We study the Tseng-type algorithm for finding a solution to monotone inclusion problem involving a sum of maximal monotone and a Lipschitz continuous monotone mapping in 2-uniformly convex Banach space which is also uniformly smooth. We prove both weak and strong convergence of sequences of iterates to the solution of the inclusion problem under some appropriate conditions. Many results on monotone inclusion problems with single maximal monotone operator can be considered as special cases of the problem studied in this paper. As far as we know, this is the first time an inclusion problem involving sum of maximal monotone and Lipschitz continuous monotone operators will be studied in Banach spaces. Therefore, the results of this paper open up many forthcoming results regarding the inclusion problem studied in this paper. Our next project involves the following.

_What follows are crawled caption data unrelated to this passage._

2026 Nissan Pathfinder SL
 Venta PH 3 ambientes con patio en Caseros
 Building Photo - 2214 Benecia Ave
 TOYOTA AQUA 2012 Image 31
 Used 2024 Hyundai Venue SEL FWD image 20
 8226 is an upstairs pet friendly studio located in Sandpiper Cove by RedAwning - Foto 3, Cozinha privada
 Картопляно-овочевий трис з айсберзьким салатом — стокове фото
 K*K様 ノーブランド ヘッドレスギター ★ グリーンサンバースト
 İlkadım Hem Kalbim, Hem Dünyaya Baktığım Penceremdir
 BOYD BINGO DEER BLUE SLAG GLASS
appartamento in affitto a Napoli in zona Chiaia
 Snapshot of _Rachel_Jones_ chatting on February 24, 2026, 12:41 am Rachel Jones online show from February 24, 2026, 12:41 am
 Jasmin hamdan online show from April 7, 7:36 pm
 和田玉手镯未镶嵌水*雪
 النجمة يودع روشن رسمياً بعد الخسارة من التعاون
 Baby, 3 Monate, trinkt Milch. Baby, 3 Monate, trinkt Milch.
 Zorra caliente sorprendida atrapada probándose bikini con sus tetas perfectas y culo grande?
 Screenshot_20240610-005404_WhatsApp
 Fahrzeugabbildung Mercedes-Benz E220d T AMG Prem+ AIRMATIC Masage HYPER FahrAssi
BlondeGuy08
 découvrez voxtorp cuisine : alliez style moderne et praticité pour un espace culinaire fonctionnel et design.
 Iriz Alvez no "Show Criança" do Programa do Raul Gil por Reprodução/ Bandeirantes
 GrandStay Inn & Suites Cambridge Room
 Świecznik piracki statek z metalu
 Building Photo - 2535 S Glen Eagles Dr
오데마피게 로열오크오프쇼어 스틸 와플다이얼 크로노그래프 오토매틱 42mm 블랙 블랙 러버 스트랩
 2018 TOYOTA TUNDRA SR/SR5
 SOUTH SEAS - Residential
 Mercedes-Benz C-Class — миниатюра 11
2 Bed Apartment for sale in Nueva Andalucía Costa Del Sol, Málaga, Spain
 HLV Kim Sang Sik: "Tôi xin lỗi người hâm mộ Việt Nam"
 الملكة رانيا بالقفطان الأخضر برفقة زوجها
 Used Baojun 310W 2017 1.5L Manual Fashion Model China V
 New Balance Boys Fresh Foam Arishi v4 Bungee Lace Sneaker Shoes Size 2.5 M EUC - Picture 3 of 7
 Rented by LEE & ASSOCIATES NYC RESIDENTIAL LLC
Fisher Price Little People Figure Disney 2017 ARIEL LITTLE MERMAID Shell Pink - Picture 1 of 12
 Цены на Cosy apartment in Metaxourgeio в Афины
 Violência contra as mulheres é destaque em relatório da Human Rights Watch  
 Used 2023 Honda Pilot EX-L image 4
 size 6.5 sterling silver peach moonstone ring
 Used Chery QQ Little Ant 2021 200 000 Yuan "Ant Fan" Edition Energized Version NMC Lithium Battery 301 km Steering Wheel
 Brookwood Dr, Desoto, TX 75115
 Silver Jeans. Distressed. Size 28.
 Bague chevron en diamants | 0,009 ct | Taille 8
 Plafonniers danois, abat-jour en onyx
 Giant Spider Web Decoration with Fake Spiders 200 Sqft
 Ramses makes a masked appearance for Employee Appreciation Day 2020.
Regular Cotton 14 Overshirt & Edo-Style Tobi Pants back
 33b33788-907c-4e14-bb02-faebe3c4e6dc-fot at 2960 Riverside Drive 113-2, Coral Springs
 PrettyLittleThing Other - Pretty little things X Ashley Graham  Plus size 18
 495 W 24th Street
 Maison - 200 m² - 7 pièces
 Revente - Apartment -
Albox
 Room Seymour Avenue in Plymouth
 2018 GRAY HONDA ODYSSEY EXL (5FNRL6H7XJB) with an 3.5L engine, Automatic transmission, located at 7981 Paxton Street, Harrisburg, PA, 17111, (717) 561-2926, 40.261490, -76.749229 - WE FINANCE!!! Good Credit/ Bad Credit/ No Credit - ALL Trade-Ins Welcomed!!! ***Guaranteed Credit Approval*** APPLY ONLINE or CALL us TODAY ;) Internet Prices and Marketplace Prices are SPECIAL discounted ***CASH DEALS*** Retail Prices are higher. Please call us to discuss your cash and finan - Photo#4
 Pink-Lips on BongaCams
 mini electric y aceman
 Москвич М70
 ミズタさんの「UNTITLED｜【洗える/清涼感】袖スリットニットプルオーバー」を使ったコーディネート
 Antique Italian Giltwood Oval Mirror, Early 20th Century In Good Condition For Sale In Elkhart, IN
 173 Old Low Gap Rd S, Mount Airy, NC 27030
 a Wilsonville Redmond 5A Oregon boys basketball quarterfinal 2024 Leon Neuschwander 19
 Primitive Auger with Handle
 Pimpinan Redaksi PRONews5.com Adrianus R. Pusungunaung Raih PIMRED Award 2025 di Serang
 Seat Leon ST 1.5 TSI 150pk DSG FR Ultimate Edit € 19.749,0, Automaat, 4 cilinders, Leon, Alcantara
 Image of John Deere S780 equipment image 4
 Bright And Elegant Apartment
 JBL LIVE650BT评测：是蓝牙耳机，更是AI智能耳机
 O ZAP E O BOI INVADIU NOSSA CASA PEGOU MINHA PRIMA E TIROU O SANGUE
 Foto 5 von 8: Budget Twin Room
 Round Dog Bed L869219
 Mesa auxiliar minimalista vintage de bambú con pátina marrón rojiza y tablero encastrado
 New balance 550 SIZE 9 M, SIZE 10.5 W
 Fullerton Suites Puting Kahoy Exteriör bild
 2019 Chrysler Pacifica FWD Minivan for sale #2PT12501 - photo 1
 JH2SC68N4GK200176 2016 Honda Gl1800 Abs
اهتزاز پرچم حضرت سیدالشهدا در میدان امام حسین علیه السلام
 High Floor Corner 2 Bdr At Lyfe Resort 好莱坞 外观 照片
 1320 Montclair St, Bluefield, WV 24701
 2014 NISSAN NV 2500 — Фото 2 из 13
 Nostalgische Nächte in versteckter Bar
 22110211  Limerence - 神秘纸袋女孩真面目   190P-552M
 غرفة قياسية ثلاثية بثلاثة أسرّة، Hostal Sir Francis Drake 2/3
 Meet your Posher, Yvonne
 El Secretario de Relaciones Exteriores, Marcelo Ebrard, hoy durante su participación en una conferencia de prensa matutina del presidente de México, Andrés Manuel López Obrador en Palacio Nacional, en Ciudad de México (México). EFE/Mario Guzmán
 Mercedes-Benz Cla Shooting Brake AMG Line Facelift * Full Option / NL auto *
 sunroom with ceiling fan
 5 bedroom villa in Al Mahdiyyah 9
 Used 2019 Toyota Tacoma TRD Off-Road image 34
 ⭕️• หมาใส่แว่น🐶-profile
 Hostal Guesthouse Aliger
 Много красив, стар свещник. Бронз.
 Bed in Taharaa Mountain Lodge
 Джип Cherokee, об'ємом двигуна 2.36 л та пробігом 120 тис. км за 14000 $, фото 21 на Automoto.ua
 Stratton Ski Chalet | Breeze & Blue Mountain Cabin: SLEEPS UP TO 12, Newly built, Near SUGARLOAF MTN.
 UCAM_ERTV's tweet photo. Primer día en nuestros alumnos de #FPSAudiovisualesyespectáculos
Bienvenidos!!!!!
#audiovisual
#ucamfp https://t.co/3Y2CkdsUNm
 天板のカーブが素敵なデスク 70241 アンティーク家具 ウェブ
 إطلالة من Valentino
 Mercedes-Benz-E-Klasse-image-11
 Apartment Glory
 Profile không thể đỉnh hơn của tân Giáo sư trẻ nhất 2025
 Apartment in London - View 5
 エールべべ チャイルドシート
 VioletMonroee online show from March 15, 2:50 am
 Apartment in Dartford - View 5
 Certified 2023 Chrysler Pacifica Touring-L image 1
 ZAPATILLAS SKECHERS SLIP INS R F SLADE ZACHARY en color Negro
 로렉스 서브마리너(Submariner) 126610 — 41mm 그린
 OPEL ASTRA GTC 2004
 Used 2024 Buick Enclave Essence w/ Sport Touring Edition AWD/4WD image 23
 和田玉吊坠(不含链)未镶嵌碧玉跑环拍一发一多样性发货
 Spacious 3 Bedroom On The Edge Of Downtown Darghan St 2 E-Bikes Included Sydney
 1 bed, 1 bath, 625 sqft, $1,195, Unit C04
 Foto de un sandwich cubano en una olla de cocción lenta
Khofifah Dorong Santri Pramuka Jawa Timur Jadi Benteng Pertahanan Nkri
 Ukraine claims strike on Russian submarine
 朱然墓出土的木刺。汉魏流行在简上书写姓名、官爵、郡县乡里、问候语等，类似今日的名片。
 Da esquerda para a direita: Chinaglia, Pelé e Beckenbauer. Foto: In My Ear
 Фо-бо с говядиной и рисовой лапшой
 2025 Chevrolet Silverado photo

  • The results in this paper exclude \(L_p\) spaces with \(p > 2\). Therefore, extension of the results in this paper to a more general reflexive Banach space will be desired.

  • How to effectively compute the duality mapping J and the resolvent of maximal monotone mapping B during implementations of our proposed algorithms will be considered further.

  • The numerical implementations of problem (1) arising from signal processing, image reconstruction, etc will be studied;

  • Other ways of implementation of the step-sizes \(\lambda _n\) to give faster convergence of the proposed methods in this paper will be given.